Corn futures are called marginally higher, as they are expected to be supported by soybeans. Corn futures favored a firmer tone overnight, but softened in reaction to a disappointing weekly export sales tally and ended the overnight session marginally higher. Weekly export sales of 769,300 MT for 2015-16 and 60,500 MT were below expectations, althoughexports were strong at 1.226 MMT. A firmer tone in the U.S. dollar index should limit buying in the corn market, although strength in soybean futures will limit selling. Also supportive is news China's ag ministry expects the country's corn acreage to decline by 3.29 million acres this year due to policy shifts in favor of drawing down massive state reserves.               
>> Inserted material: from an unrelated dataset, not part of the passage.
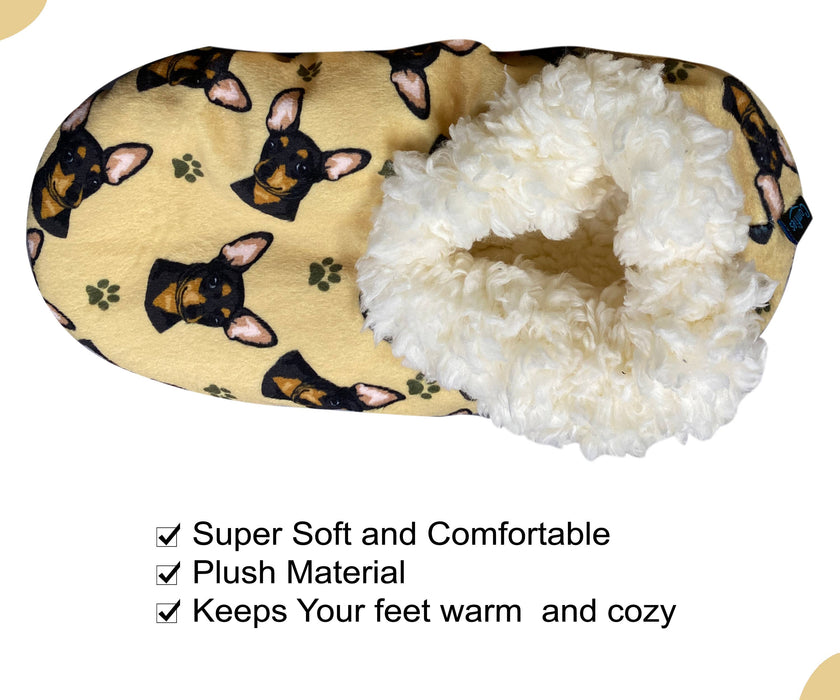 Chihuahua, Black Slippers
Soybean futures are called 8 to 10 cents higher on strong export sales. Soybean futures extended gains at the close of the overnight session in reaction to an impressive weekly export sales tally. Weekly soybean sales of 815,800 MT were reported for 2015-16, which along with sales of 430,000 MT for 2016-17 came in well above expectations. Unknown destinations was the top buyer of old- and new-crop soybeans. While the U.S. dollar index is stronger this morning, soybean futures benefited from strength in crude oil futures. Meal and soyoil were also higher overnight, with oil supported by strength in the Malaysian palm oil  market.              
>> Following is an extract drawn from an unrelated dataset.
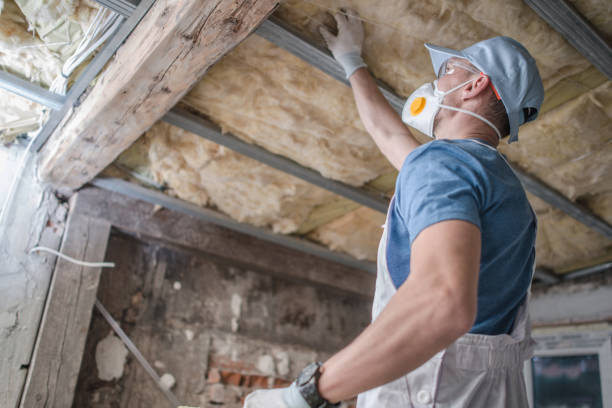 Best Geographic-Specific Insulation Services in Whitesboro, NY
Wheat is called narrowly mixed after a lackluster overnight session. Wheat futures didn't stray too far from unchanged overnight and ended the session narrowly mixed. Strength in the dollar index limited buying, while strength in soybean futures limited selling. This morning's weekly export sales data met wide expectations, with sales of 178,900 MT for 2015-16 and 140,000 MT for 2016-17. The second day of the HRW wheat tour found an average yield of 49.3 bu. per acre, up from 34.5 bu. per acre last year and the five-year average of 35.9 bushels. Oklahoma tour scouts found an average yield of 33.63 bu. per acre, well above  USDA's official 2015 yield for the state of 26 bu. per acre.             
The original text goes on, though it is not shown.